Une énergie proche traverse Les Prières de Delphine, qui adopte un dispositif semblable – cette rencontre vertueuse entre espace domestique et parole –, marque de fabrique sensible et politique de la cinéaste de 43 ans. À l’image, Delphine, héroïne exilée, désaxée, meurtrie dès son plus jeune âge par la violence, les viols, la prostitution et une vie impossible à vivre, retrace le fil de son histoire.

Ce qu’elle explique dans la douleur, avec les pleurs et parfois ce léger sourire ironique de celles et ceux qui ont tout vu, tout vécu, ne cesse d’être replacé, envisagé dans un rapport de domination perpétuelle des hommes sur les femmes, des Blanc·hes sur les Noir·es, sans que jamais le film ne cherche à produire de discours sur le dos de son interprète et lui préfère l’élégie sublime de ces prières sans réponses.

Ce qu’il montre, dans sa partie plus psychanalytique, méta, secrète, c’est une femme, et avec elle le souvenir d’autres (“ton courage nous oblige à voir celles qui déambulent ici et ailleurs”), qui ne peut plus se lever, ne peut plus quitter son lit dans lequel niche son corps en lambeaux, enveloppé dans des couvertures comme de nouvelles peaux sur lesquelles rien n’a de prise.

Dans son appartement bruxellois, où parfois se font entendre les mots de sa fille, préservée en hors-champ de la violence qui se joue dans l’image, Delphine reste assise ou couchée.
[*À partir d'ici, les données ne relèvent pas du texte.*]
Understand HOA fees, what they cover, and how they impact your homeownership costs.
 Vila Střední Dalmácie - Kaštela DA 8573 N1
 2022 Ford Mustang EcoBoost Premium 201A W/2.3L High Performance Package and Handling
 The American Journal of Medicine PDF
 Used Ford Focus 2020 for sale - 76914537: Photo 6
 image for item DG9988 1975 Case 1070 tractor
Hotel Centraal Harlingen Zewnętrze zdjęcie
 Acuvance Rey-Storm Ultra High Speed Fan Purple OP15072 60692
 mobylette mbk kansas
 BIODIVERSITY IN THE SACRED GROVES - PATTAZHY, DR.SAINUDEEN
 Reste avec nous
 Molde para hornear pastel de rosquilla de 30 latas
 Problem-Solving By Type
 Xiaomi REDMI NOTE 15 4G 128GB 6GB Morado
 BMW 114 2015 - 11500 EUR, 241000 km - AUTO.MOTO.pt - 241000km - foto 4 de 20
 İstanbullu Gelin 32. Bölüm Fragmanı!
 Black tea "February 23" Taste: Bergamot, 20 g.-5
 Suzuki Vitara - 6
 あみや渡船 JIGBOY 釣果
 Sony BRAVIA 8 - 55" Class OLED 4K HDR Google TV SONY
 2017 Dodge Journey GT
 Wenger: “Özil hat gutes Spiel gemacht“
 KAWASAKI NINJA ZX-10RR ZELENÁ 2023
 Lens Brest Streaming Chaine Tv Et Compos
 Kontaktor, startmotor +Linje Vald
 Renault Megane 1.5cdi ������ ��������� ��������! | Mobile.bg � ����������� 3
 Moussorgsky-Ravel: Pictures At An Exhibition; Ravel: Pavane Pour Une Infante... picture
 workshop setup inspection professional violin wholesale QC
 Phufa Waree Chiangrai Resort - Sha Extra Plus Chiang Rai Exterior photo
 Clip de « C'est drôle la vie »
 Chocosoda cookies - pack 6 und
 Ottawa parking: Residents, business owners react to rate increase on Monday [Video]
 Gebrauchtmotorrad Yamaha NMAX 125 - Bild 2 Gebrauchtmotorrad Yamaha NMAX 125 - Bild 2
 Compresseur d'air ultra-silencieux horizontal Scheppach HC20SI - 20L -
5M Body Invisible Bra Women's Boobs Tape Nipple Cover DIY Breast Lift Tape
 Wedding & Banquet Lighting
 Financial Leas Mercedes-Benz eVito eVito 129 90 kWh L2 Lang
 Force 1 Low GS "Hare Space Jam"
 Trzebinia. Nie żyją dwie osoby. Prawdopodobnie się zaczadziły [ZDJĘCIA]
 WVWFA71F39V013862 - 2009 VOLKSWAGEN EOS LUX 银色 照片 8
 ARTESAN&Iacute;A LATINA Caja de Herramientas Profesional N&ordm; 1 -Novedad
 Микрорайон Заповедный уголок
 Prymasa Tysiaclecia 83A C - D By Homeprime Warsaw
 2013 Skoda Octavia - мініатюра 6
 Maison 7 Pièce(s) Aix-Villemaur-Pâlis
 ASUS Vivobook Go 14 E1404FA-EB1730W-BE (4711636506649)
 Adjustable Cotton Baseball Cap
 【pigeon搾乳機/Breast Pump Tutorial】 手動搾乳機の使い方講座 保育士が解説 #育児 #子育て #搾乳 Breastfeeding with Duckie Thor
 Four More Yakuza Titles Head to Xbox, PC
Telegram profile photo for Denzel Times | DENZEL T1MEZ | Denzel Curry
Devant elle, autour d’elle, une multitude d’objets, de lampes et autres bibelots semblent faire tenir les murs fragiles de la maison et viennent obstruer le cadre, brouiller l’accès à son visage. Delphine se dévoile à son amie dans ce qu’elles aiment appeler à deux un journal de bord.

Ce journal intime et universel réfléchit davantage à achever cette paralysie qu’à faire éclore une parole, qui a de toute évidence la confiance absolue d’une amie-cinéaste en moteur. À Rosine Mbakam alors de filmer le repos tétanisant de cette guerrière puis son réveil comme un miracle, une libération.

 

Les Prières de Delphine de Rosine Mbakam (Bel., 2021, 1 h 30). En salle le 31 janvier.